*Material provided*:
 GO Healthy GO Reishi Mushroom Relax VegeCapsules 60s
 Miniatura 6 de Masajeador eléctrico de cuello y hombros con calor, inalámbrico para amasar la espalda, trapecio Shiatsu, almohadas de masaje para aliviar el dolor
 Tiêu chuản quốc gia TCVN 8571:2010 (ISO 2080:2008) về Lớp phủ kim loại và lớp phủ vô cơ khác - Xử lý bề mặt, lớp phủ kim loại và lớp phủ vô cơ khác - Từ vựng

*Task goal*:
Copy every line above without altering a word.

*Your solution*:
 GO Healthy GO Reishi Mushroom Relax VegeCapsules 60s
 Miniatura 6 de Masajeador eléctrico de cuello y hombros con calor, inalámbrico para amasar la espalda, trapecio Shiatsu, almohadas de masaje para aliviar el dolor
 Tiêu chuản quốc gia TCVN 8571:2010 (ISO 2080:2008) về Lớp phủ kim loại và lớp phủ vô cơ khác - Xử lý bề mặt, lớp phủ kim loại và lớp phủ vô cơ khác - Từ vựng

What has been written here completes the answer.